Y ya que hablamos de sonidos icónicos, no podemos olvidar el tráfico. Sí, esos cláxones que suenan más que en una sinfonía descompuesta. El tráfico de la ciudad es como una orquesta desafinada, con sus cornetas, gritos de "¡avanza, no seas wey!", y el motor de los carros que se quedan parados porque, claro, siempre hay un embotellamiento sorpresa. Es un caos que, aunque nos haga renegar, también es parte del encanto de vivir aquí.

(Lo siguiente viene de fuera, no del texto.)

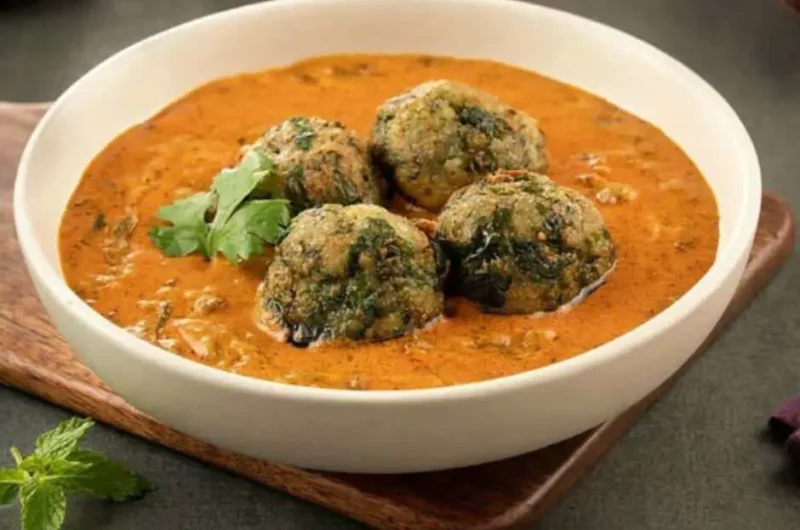 How to make Palak Kofta Curry:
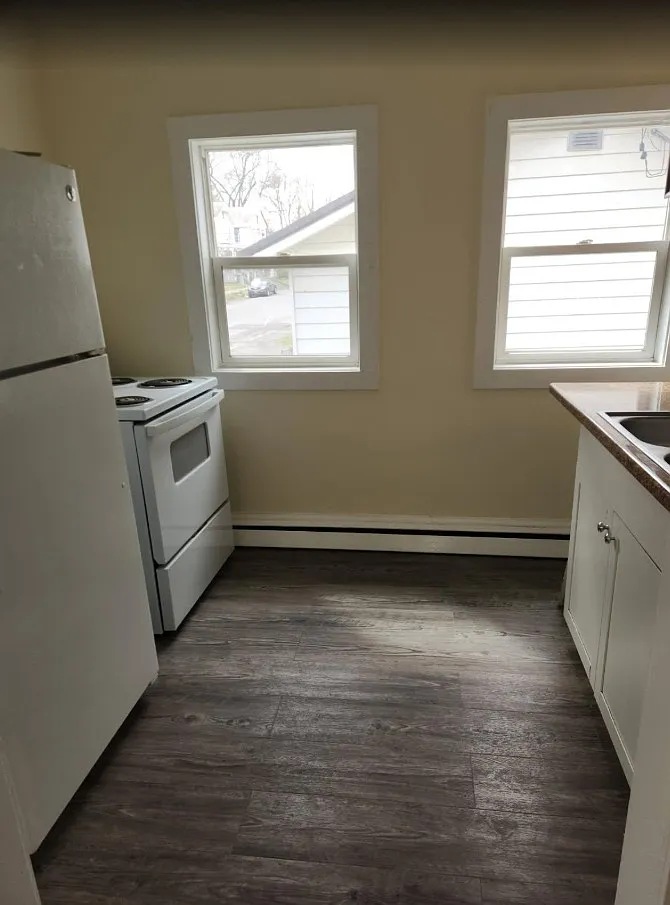 Building Photo - 14 Lawrence Ave #1F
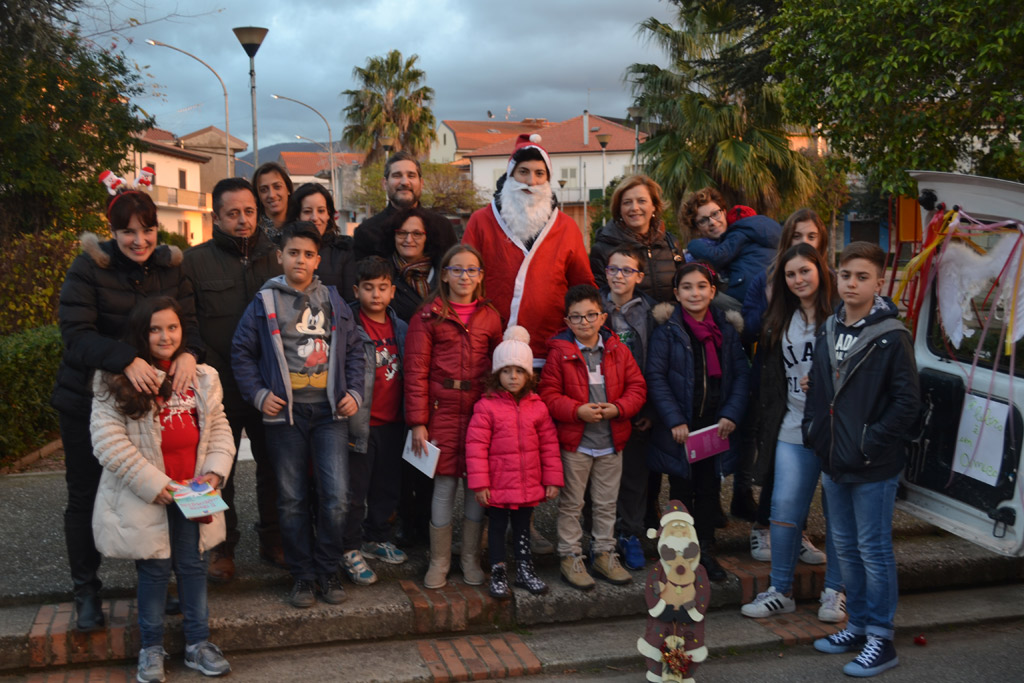 “Un libro sotto l’albero in tour” per i ragazzi di Curinga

Por último, pero no menos importante, los "firulais". Estos compas caninos que ladran sin descanso, día y noche, como si tuviera una guerra personal con todo. A veces me pregunto si esos cuates peludos no serán un guardián del inframundo, cuidando su territorio con un entusiasmo más grande que el de un mariachi en Garibaldi. Esos ladridos son parte del soundtrack nocturno de muchos barrios, y aunque a veces más de uno quiere aventarnos la chancla, al final se convierte en parte de la familia sonora de la ciudad.
Así es, mis carnalitos, la Ciudad de México es un mix de sonidos, un mosaico auditivo que nos recuerda que estamos vivos, que somos parte de este enorme barrio que vibra con cada nota, con cada grito, con cada motor que ruge. Así que la próxima vez que sientan que los sonidos de la ciudad los agobian, piensen que esos ruidos son la banda sonora de nuestra vida, el reflejo de una urbe que nunca duerme y que siempre tiene algo que contar.
Nos vemos en las calles, raza, y no olviden afinar el oído, porque en cada esquina hay una historia, un sonido que nos hace únicos y nos recuerda por qué amamos ser chilangos. ¡Cuídense, y no dejen de cotorrear!